Unter dem Eindruck des fortschreitenden Zeitablaufs legte die EU-Seite Anfang 2018 einen ersten Entwurf eines aus ihrer Sicht denkbaren Austrittsvertrags vor, der im Anschluss an einen für den 29.03.2019 erwarteten Austritt eine Übergangsfrist bis zum 31.12.2020 vorsah. Trotz von Beginn an bestehender Zweifel, ob diese Frist ausreichen würde, für die sich aus dem EU-Austritt ergebenden zahlreichen Einzelfragen eine umfassende und zufriedenstellende Lösung zu finden, hoffte man, dass man dies weitestgehend würde abschließen können, bevor die neue EU-Haushaltsperiode ab 2021 beginnen würde.

Großbritannien überführte seinerseits durch den sog.

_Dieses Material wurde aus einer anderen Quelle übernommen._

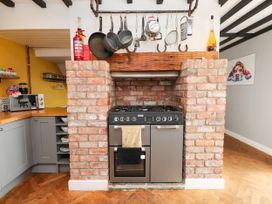 A kitchen with a stove and brick wall at Tyddyn Elidir near Old Colwyn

European Union (Withdrawal) Act, nach fast einjährigen Verhandlungen im Unterhaus, das bestehende EU-Recht zunächst in nationales britisches Recht. Damit wollte man sich die Flexibilität sichern, einerseits keinen "regellosen Zustand" eintreten zu lassen, wenn es zu keiner hinreichenden Übergangsfrist mit der EU käme, andererseits die gesetzliche Grundlage dafür schaffen, in Einzelfall "souverän" darüber entscheiden zu können, welche der so überführten ehemaligen EU-Regeln man beibehalten, welche man streichen, ändern oder durch neue Regeln ersetzen wolle.

Erst im November 2018, das heißt gut vier Monate vor Ablauf der Austrittsfrist nach Art. 50 EUV, einigten sich beide Verhandlungsseiten auf einen umfangreichen Austrittsvertrag, der für Nordirland die sog. "Backstop"-Lösung beinhaltete:

Danach sollte das VK zunächst für einen Übergangszeitraum von bis zu 21 Monaten nach dem 29.03.2019 weiter die in der Europäischen Zollunion geltenden Außenzölle und EU-Herkunftsregeln anwenden. Zölle oder Warenkontrollen zwischen der EU und dem VK würden in dieser Zeit, mit wenigen Ausnahmen, auch noch ausgeschlossen. Das VK wäre allerdings in diesem Zeitraum daran gehindert, eigenständige Handels- und Zollabkommen mit Drittstaaten abzuschließen, sondern müsste die EU-Regeln einhalten, ohne darüber selbst mit entscheiden zu können. Sofern innerhalb dieser Frist eine praktikable Lösung gefunden würde, physische Grenzkontrollen zwischen Nordirland und der EU (insbesondere gegenüber der Republik Irland) zu vermeiden, wäre ein früherer Ausstieg aus der Zollunion möglich. Darüber hätte indes weder Großbritannien noch Nordirland einseitig, d. h. ohne Zustimmung der EU, entscheiden können.

Im Dezember 2018 bestätigte der EuGH in einer Grundsatzentscheidung, dass Großbritannien seine Austrittserklärung vom 29.03.2017 nach Art. 50 EUV ohne Zustimmung der EU einseitig widerrufen könne (Urteil vom 10.12.2018, C 621/18, Wightman and others, EWS 2018, 327).